======== Dataset content

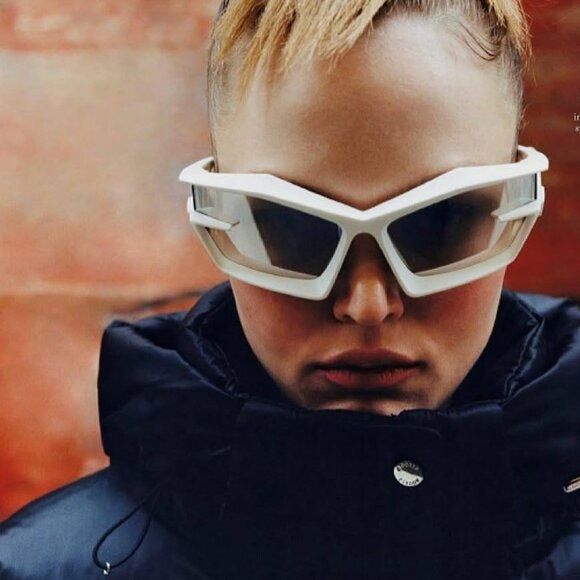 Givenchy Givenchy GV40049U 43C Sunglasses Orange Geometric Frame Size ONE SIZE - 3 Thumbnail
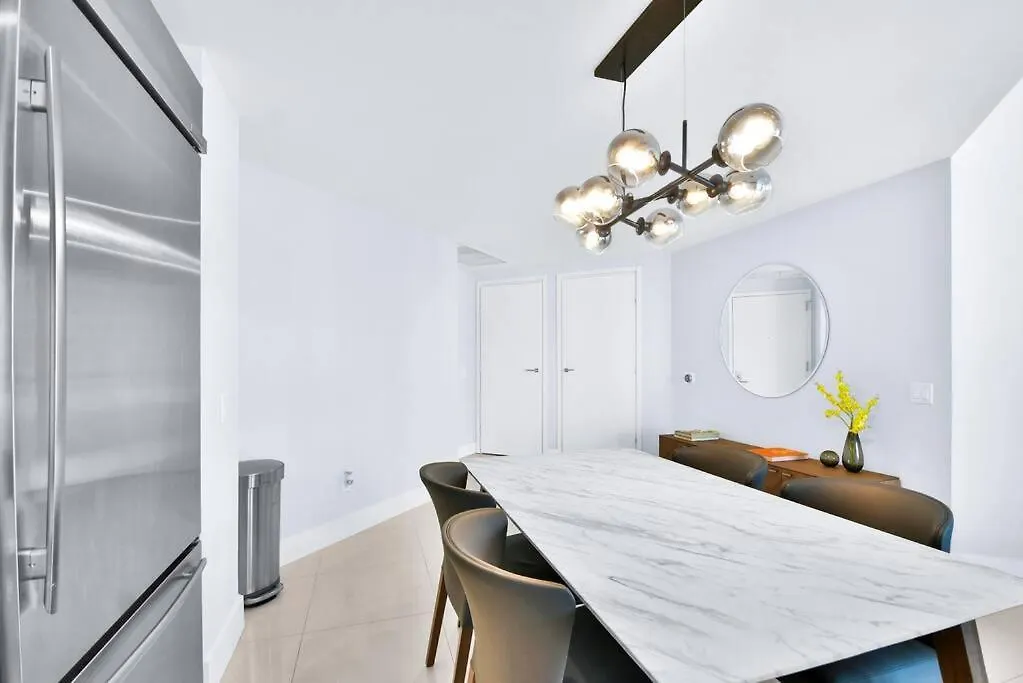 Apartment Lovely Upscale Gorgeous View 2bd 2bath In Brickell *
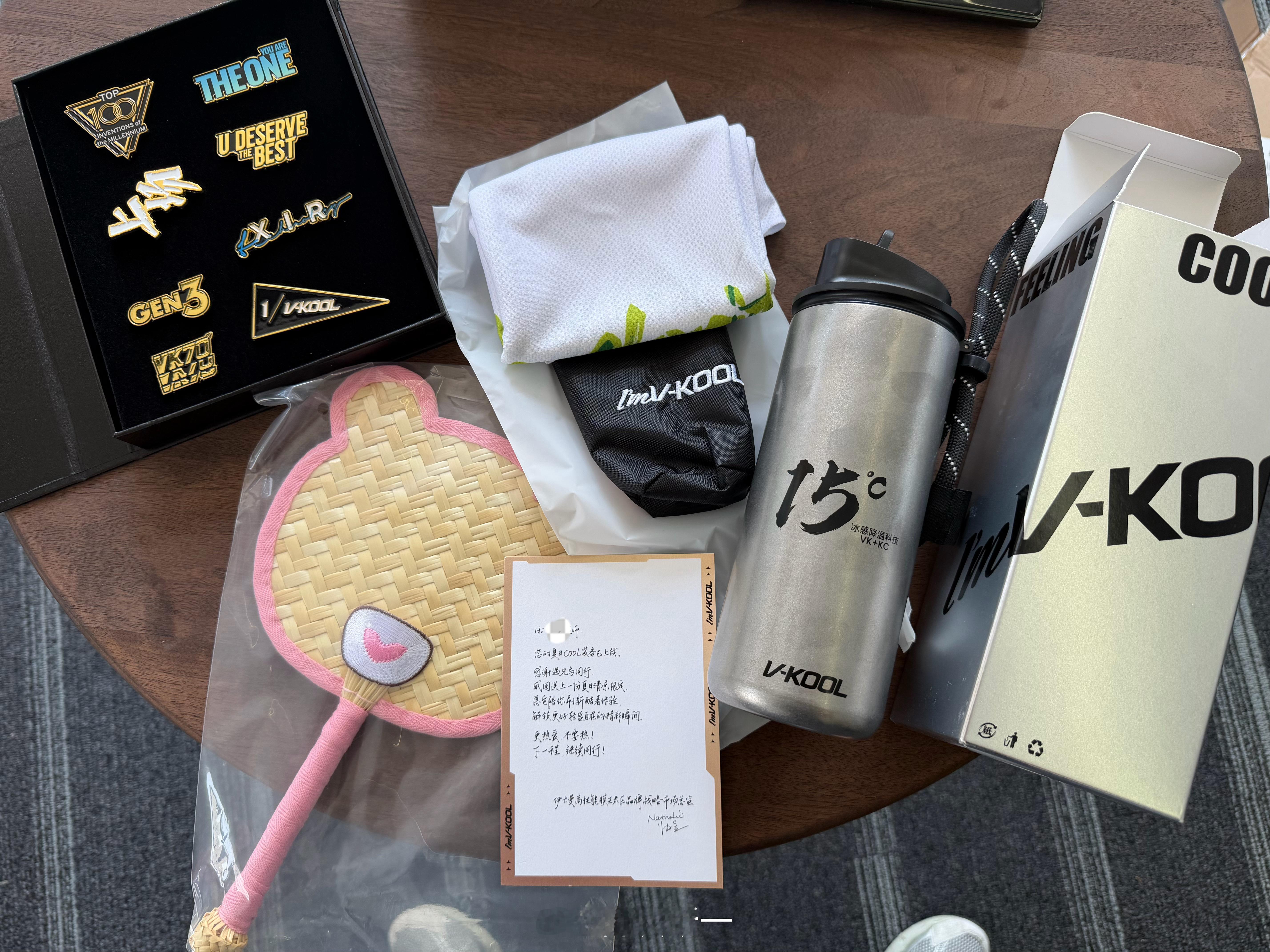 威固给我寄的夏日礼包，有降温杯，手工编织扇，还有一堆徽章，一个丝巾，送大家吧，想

================

### Work instruction
Reproduce the material above exactly but drop all images.

### Task result
 Givenchy Givenchy GV40049U 43C Sunglasses Orange Geometric Frame Size ONE SIZE - 3 Thumbnail
 Apartment Lovely Upscale Gorgeous View 2bd 2bath In Brickell *
 威固给我寄的夏日礼包，有降温杯，手工编织扇，还有一堆徽章，一个丝巾，送大家吧，想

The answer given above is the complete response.